Diva better be there...


----------



## LarryWolfe (Nov 26, 2010)

WHAT THE FUCK, THE REST OF THE COMPETITORS HERE AREN'T WORTHY?  Must be a PMS thing..........  She's like Puff, take the electricity away and what do you have????


----------



## Gary in VA (Nov 26, 2010)

cool, only a 32 hour drive!

..... But, only 7 hours more and I can stay with my Uncle in Libby, MT

..... But, Bill will be pissed if I miss Que and Cruz.


----------



## Helen_Paradise (Nov 26, 2010)

Larry Wolfe said:
			
		

> WHAT THE FUCK, THE REST OF THE COMPETITORS HERE AREN'T WORTHY?  Must be a PMS thing..........  She's like Puff, take the electricity away and what do you have????



Honey, relax.


----------



## Nick Prochilo (Nov 26, 2010)

Helen_Paradise said:
			
		

> [quote="Larry Wolfe":sus06xvz]WHAT THE FUCK, THE REST OF THE COMPETITORS HERE AREN'T WORTHY?  Must be a PMS thing..........  She's like Puff, take the electricity away and what do you have????

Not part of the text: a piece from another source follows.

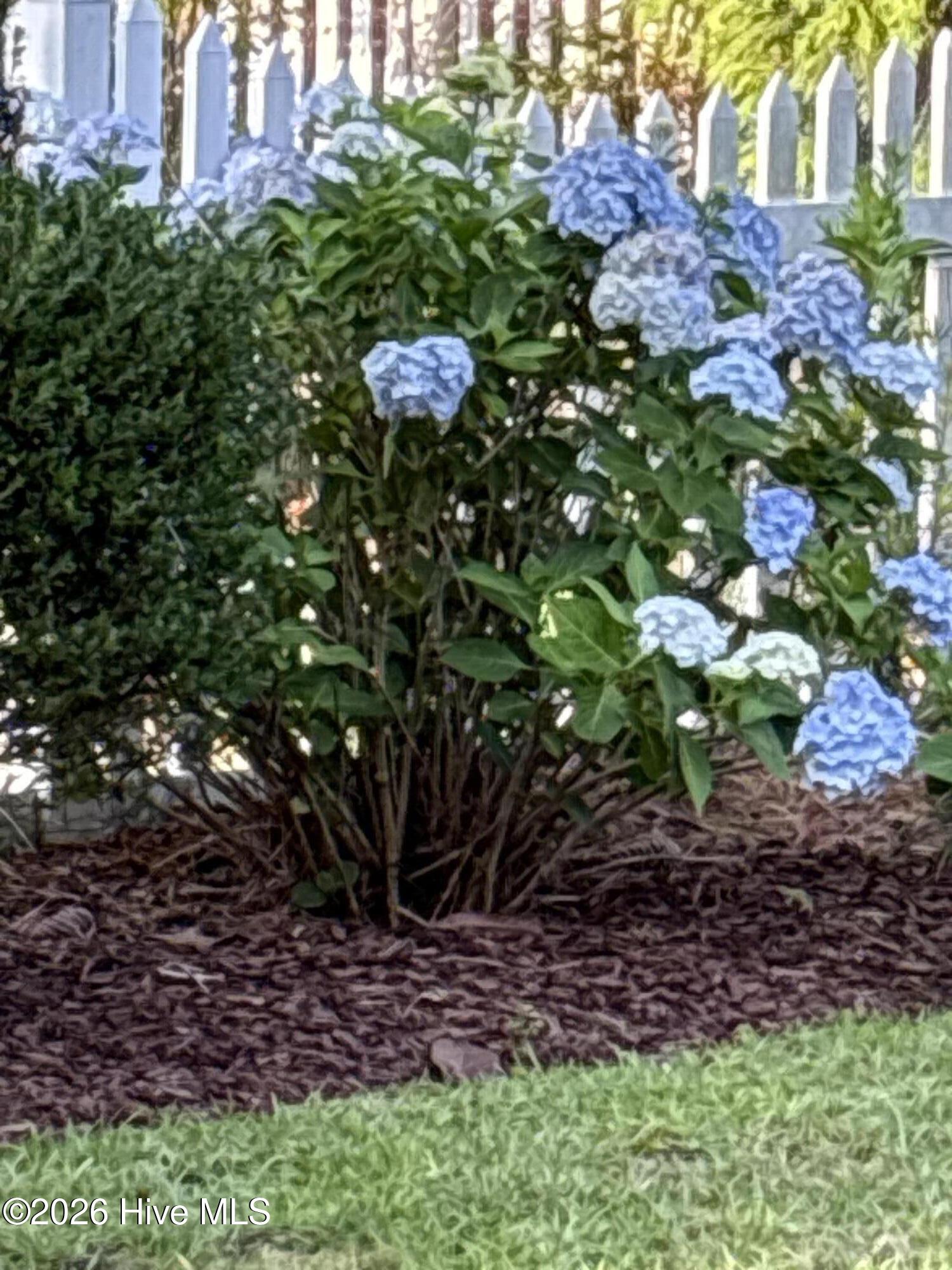 100553841 | Photo 60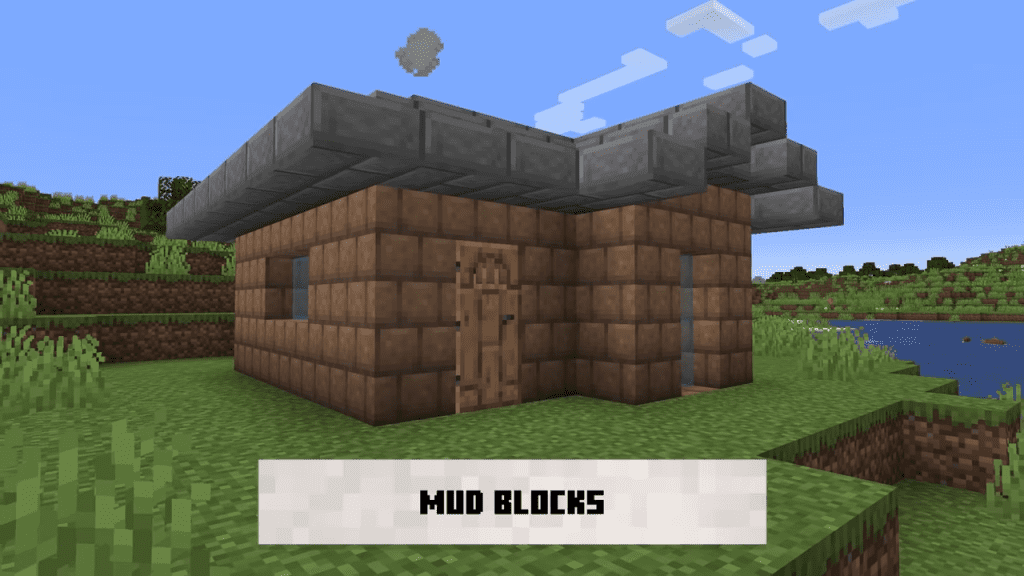 Mud Blocks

Honey, relax.[/quote:sus06xvz]
He hasn't had his fill of Canadian bacon lately!


----------



## Griff (Nov 26, 2010)

Larry, I think you broke four or five rules in that post.


----------



## LarryWolfe (Nov 27, 2010)

Griff said:
			
		

> Larry, I think you broke four or five rules in that post.



Crap, I'm slacking.........


----------



## Bobberqer (Nov 27, 2010)

I know it's already up on the KCBS event board, but where are they going to come up with over $200,000 in prize money/prizes.. Interesting to see if it really comes off as advertised... And the entry fees... wondering what they will have to be to pull it off...


----------



## Tri Tip (Nov 27, 2010)

Hmmmm, That's about 86 bucks after taxes!


----------



## Adrienne1 (Nov 30, 2010)

I'll go to represent Canada......
I figure if a job is worth doing, it's worth doing right.....
I'll need a Montana contact to supply some cookers.....wood burning, please.....

And Larry, yes, I think you are slacking


----------